Mas, como Tennant vê, Crowley queria mais para os dois pessoalmente. “Acho que o que Crowley aprendeu com Aziraphale é que o caminho de menor resistência nem sempre é o que deve ser seguido”, diz Tennant. Como um anjo caído “que vagava vagamente para baixo”, Crowley não pode simplesmente ser sugado de volta e reassimilado a um Céu que suprime suas dúvidas e aquelas “malditas perguntas” que incomodam Metatron. Rejeitar a oferta de Aziraphale é sua maneira de se posicionar – “embora inutilmente”, nas palavras de Tennant. Se há algo que Crowley também pode entender implicitamente, um lugar tóxico como o céu pode muito bem estar cooptando os talentos de Aziraphale – sua capacidade de relacionamento com a humanidade e a Terra – para suas próprias missões burocráticas.

Um dos principais motivos de Good Omens é a representação do bem e do mal em tons de cinza. Ao longo das eras, “bom” e “certo” são conceitos que mudam de forma para sempre, tanto para Crowley quanto para Aziraphale. Muito antes de o inferno e o céu os expulsarem, eles viram, experimentaram e cometeram os cinzas morais entre a humanidade. O final da segunda temporada é um encapsulamento perfeito das possibilidades dramáticas de suas diferentes posturas: Aziraphale vê tudo o que pode resolver com acesso institucional divino, enquanto Crowley quer lavar as mãos, segurar apenas Aziraphale e fugir para Alpha Centauri juntos.

Mas não há fuga dos sonhos para Alpha Centauri. O que resta é um abismo cada vez maior entre os dois anjos que se encontram em lados diferentes: a tentativa de retorno de Aziraphale ao céu e Crowley sozinho na Terra. Dito isto, a esperança está vagando no limbo. Há uma promessa (como visto nas resoluções de qualquer uma das outras subtramas de romance da segunda temporada) de que eles poderiam se reunir romanticamente. Simbolicamente, Crowley olha para os dois mortais (com seu romance em espera) sozinhos em suas respectivas lojas. Ele está resignado com a distância entre ele e Aziraphale – por enquanto, pelo menos. Mas talvez sua jornada separada de busca da alma seja ainda mais essencial para sua futura reconexão.

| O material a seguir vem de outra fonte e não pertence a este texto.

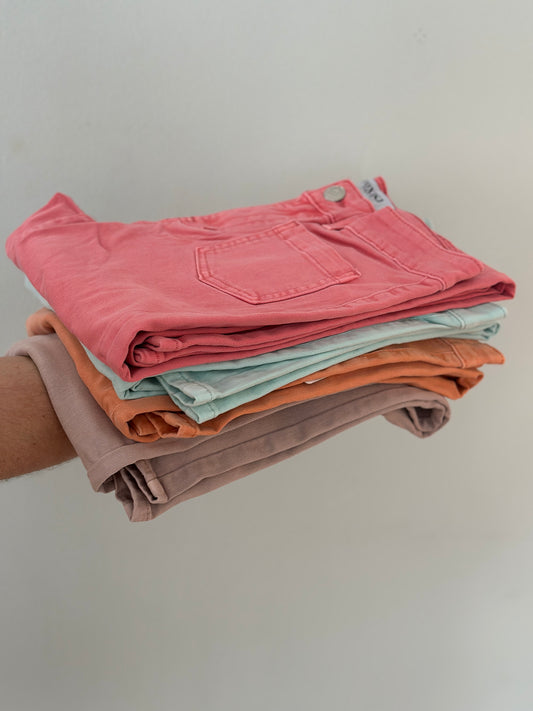 Toxik,  Jeans i härliga vårfärger - Korall/Orange/Mintgröna/Ljusrosa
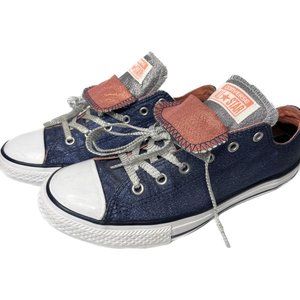 NEW Converse All Star Double Tongue Chuck Taylor Women’s 6 Blue Pink Sparkle Low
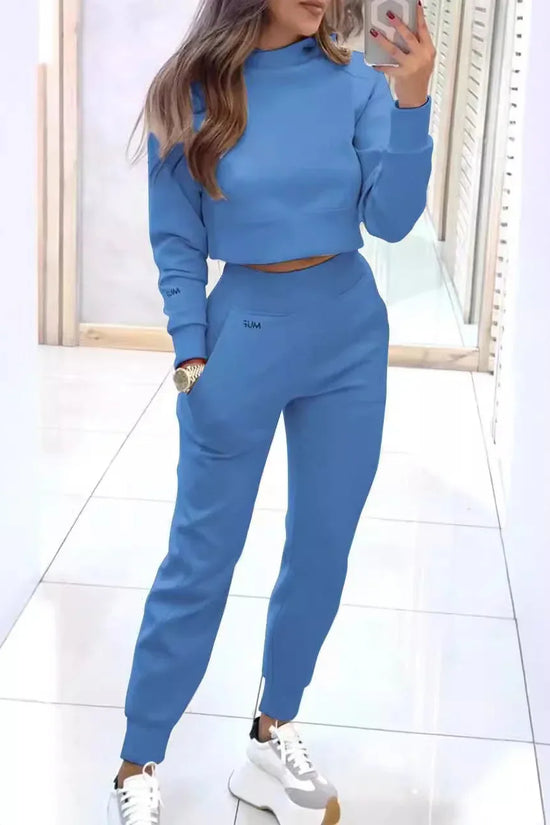Stand Collar Sports Suit Fashion Pullover Long-sleeves Short Top And Slim Trousers With Pockets Solid Outfits Women's Clothing - DanaFashionstore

Eles precisam se encontrar antes de poderem ficar juntos. Se Good Omens tiver uma terceira temporada e Aziraphale projetar a Segunda Vinda sob as ordens de Metatron, veremos o que pode ser necessário para os dois seres divinos consertarem a ponte. Para minha aposta, Aziraphale deve a Crowley a dança do “eu estava errado”.